**DATA**:

####

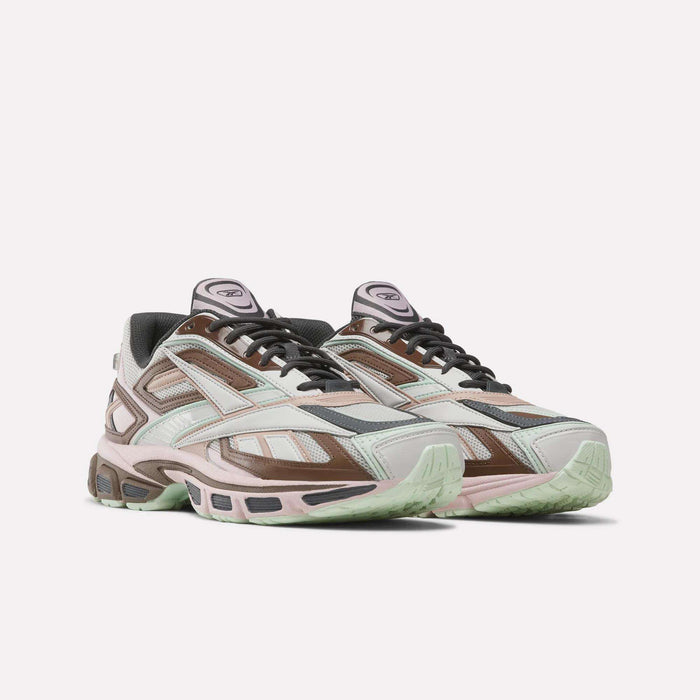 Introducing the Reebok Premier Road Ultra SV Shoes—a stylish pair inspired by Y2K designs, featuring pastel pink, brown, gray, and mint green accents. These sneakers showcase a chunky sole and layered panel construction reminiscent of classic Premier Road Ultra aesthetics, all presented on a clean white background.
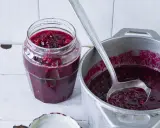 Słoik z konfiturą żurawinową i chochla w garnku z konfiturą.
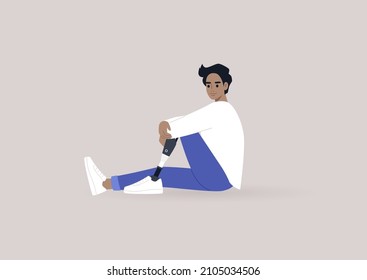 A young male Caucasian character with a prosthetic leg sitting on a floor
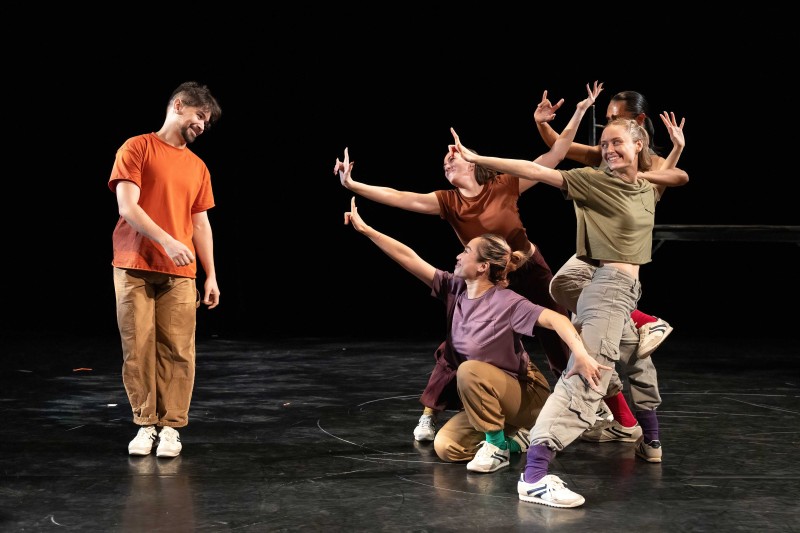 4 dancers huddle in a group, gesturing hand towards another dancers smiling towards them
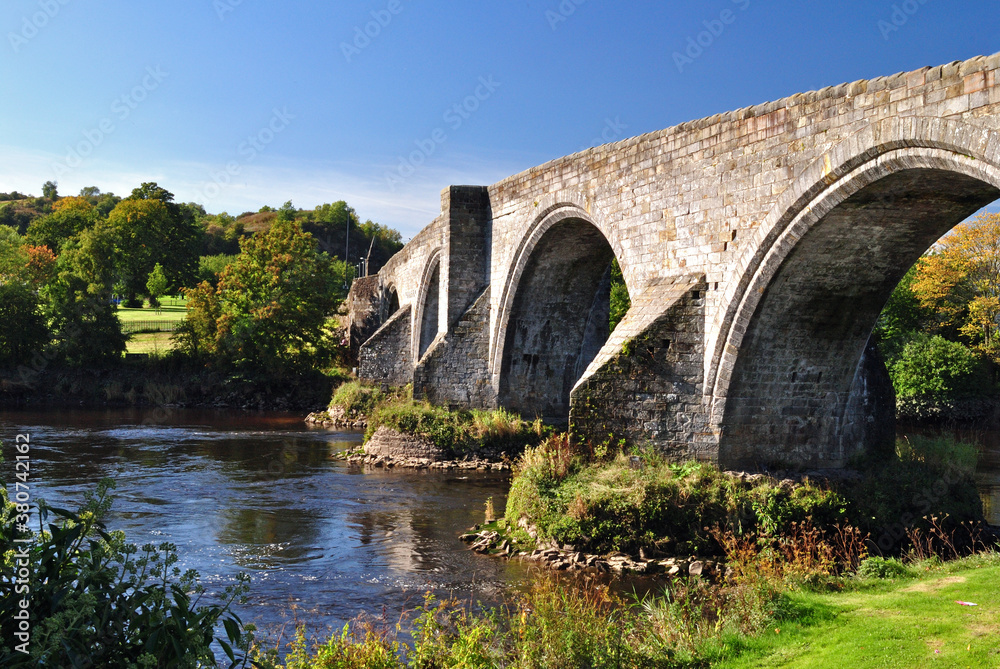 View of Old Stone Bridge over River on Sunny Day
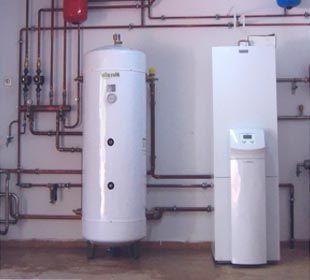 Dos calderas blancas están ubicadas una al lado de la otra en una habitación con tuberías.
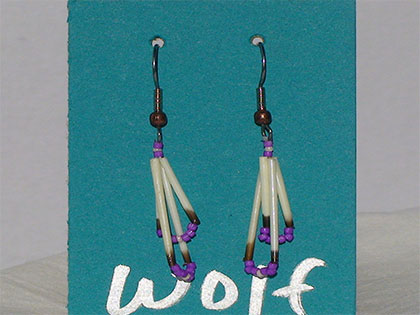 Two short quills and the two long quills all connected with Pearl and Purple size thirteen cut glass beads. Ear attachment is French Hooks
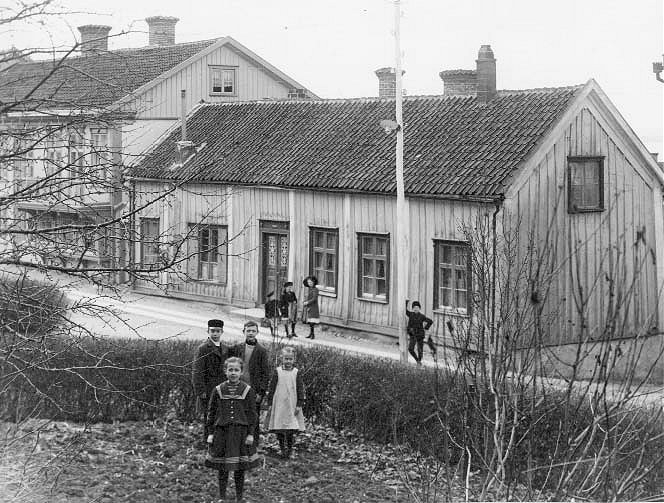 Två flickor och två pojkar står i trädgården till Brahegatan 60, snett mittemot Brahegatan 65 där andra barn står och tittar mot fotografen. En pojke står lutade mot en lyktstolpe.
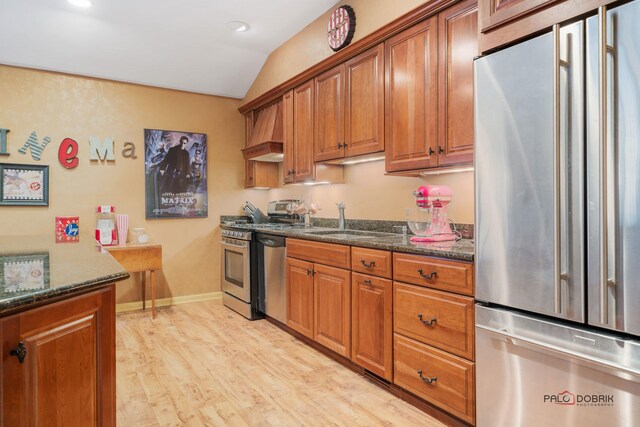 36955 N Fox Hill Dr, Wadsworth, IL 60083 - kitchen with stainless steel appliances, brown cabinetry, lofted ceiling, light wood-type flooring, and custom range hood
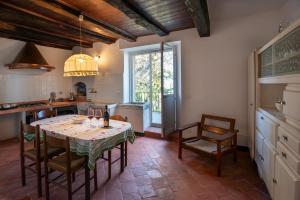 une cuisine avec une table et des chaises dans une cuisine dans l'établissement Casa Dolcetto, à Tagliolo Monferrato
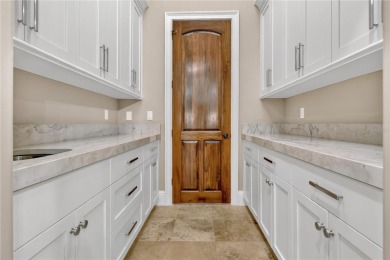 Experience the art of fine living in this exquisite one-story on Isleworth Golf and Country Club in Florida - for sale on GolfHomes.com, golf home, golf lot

####

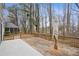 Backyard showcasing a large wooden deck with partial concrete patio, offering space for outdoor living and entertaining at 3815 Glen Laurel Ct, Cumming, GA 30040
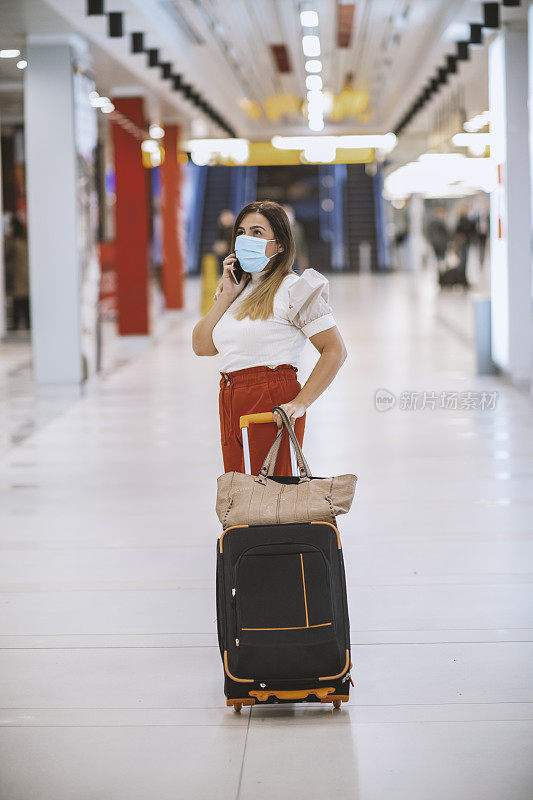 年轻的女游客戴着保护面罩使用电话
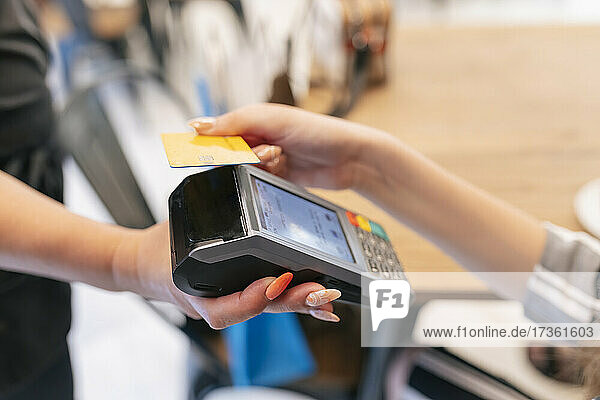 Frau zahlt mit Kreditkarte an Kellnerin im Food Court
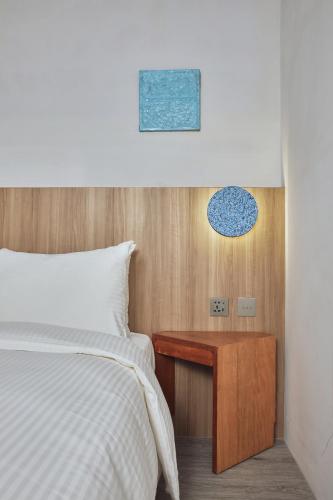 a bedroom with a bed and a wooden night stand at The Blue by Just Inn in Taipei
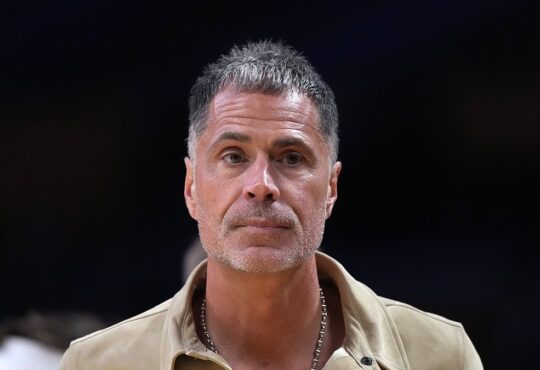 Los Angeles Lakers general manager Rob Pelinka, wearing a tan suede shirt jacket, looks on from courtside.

####

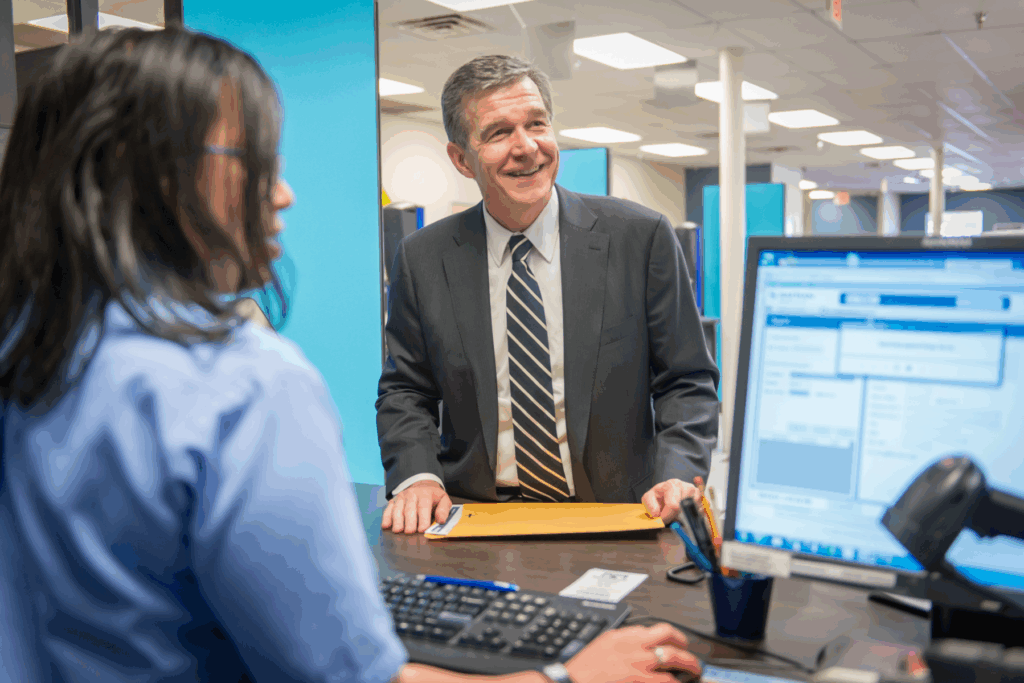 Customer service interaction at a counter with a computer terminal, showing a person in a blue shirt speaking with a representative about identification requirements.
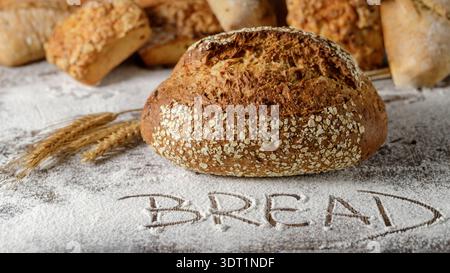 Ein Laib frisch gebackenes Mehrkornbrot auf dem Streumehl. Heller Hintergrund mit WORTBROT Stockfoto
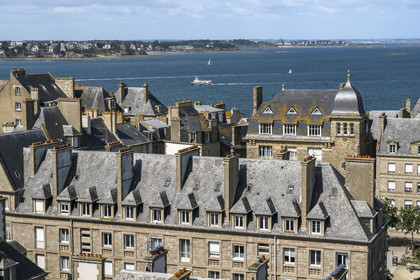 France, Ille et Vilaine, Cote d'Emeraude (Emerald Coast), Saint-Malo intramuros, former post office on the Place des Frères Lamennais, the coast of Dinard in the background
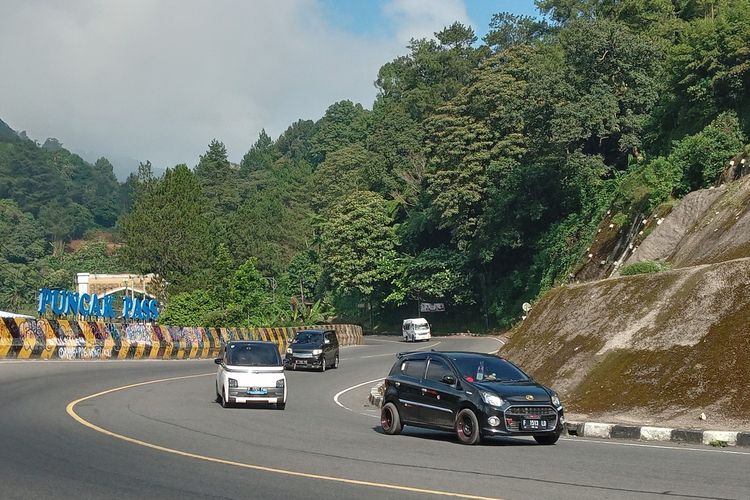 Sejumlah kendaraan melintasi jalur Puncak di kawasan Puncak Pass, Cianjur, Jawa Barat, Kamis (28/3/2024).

####

**EXERCISE PROMPT**: Transcribe the listing above exactly, but only from the line with "36955 N Fox" through the line with "Experience the art". Include both of those lines and omit the pictures.

**ANSWER BELOW**:
 36955 N Fox Hill Dr, Wadsworth, IL 60083 - kitchen with stainless steel appliances, brown cabinetry, lofted ceiling, light wood-type flooring, and custom range hood
 une cuisine avec une table et des chaises dans une cuisine dans l'établissement Casa Dolcetto, à Tagliolo Monferrato
 Experience the art of fine living in this exquisite one-story on Isleworth Golf and Country Club in Florida - for sale on GolfHomes.com, golf home, golf lot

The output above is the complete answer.